但是考虑到苏明娟的名气和影响力,金寨县第一中学对她进行了破格录取,这对她而言是意外之喜。
但让苏明娟没有想到的是,尽管圆了高中梦,却也让自己受到了很多流言蜚语的指摘。
有的人说她这个高中是混来的,又有人说她这个成绩简直愧对资助者的资助。
这一切都让苏明娟蒙受了巨大的心理压力,极大地伤害了她的自尊心,以至于她想要退学。
对此,作为父亲的苏有良很生气,他告诉女儿:“你现在弃学才是愧对那些帮助过你的人。”
而解海龙在得知这一情况后,不仅写了一封劝慰信,还在报纸上刊登了一篇名为《请放过“大眼睛”,别让她的眼神再无助》的文章,以呼吁人们不要过多的介入她的生活,让她安心读书。
这时候的苏明娟在大家伙的鼓励下,才慢慢调整好心态,重新回到了课堂。
而在那以后,苏明娟不再接受采访,一心只搞自己的学习,她要用自己的行动来堵住悠悠众口。
终于,在2002年的时候,苏明娟参加了高考。
最后,苏明娟是被安徽大学职业技术学院的金融管理专业录取,虽然这个学校是一个专科学校,但作为村子里第一个大学生,苏明娟的成绩还是让家人感到十分欣慰。
在当时那个环境里,这确实也是一个令人满意的结果了。
至于苏明娟上大学的花费,学费是由安徽省希望工程全款缴纳的,另外学校每年还给她九百元的补助。
但此时的苏明娟已经无法心安理得地享受社会的资助了,尤其是在看到还有更多的人比她更需要帮助的时候,让她的内心更加惭愧。
于是,苏明娟在学习之余,开始尝试通过勤工俭学来赚钱,并在不久之后主动申请退出了希望工程的援助,也不再接受学校的补贴。
失去了补助后的苏明娟,用自己的双手为自己赚取了足够的生活费,她还攒下了不少钱,并以此回馈社会。
每次一到暑假,苏明娟就会和同学一起去山区支教,看到山区孩子的贫困生活,苏明娟回想起自己的童年,可谓感同身受。
比如,在一次支教中,苏明娟看到一个孩子家中连做饭的锅都没有,不仅自己掏钱给他们家买了一口锅,还买了不少东西,走的时候还留了一千块钱。
后来苏明娟毕业了,她进入了一家银行工作,而她人生的第一笔工资,全被她捐给了希望工程。
此后,苏明娟每年都会为希望工程捐款一千元。

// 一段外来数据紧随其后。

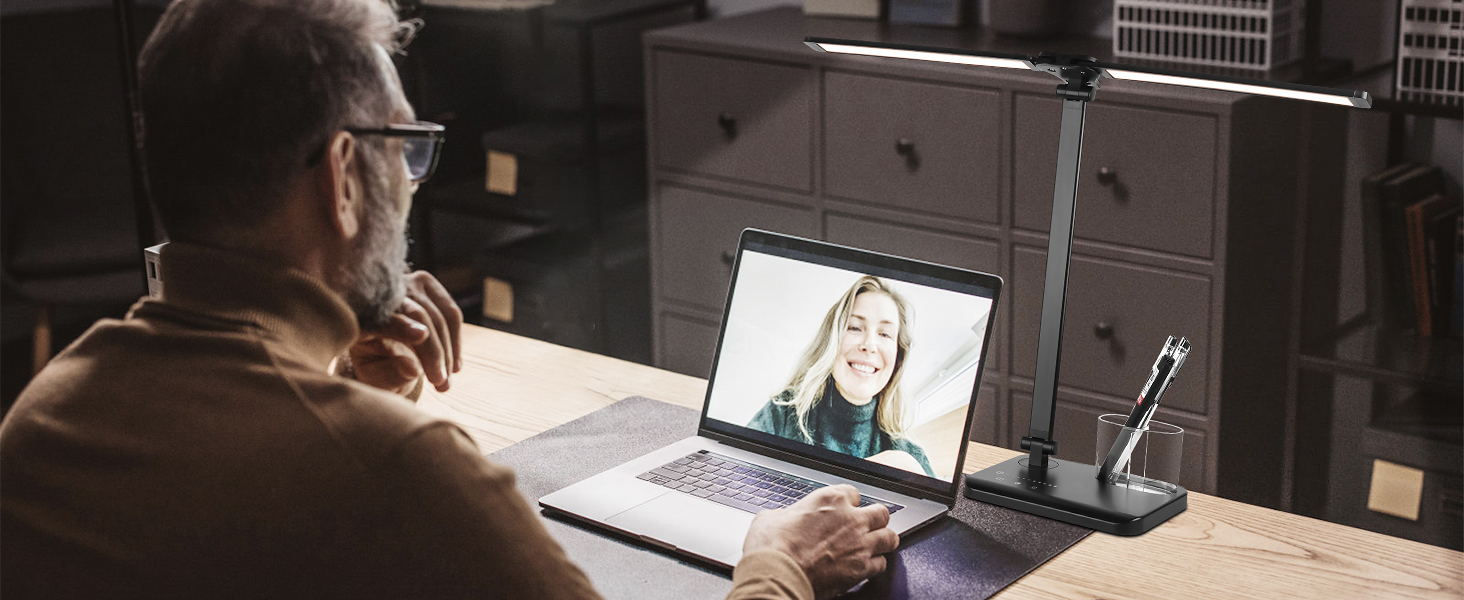 iVict LED лампа для столу з двома регульованими важелями, сенсорне керування, 5 режимів яскравості, таймер автовимкнення на 45 хвилин, USB-порт для зарядки, функція пам'яті, для дітей, білий (чорний)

但苏明娟也知道,这些钱杯水车薪,她还想尽更大的努力。
思前想后,苏明娟想到了解海龙,在与解海龙商量之后,他们一起将“大眼睛”照片的版权拍卖掉了,用得来的三十万八千元在西藏曲水县修建了一座名为“大眼睛”的希望小学。
不仅如此,苏明娟还申请成立了助学基金,并用募集来的百万元助学基金又盖了两所小学和资助了数十名贫困学生,其成就不可谓不大。
在个人的事业上,苏明娟如今已经是工商银行安徽省分行的团委副书记,事业顺风顺水。
2017年的时候,苏明娟还当选了共青团安徽省委副书记,苏明娟的这一职务是兼职,并不属于行政级别,也没有任何回报,只是用来服务公益事业。
至于苏明娟自己的私人生活,她与高中时代的老乡兼同学喜结良缘,育有两个孩子,有着一个幸福美满的家庭。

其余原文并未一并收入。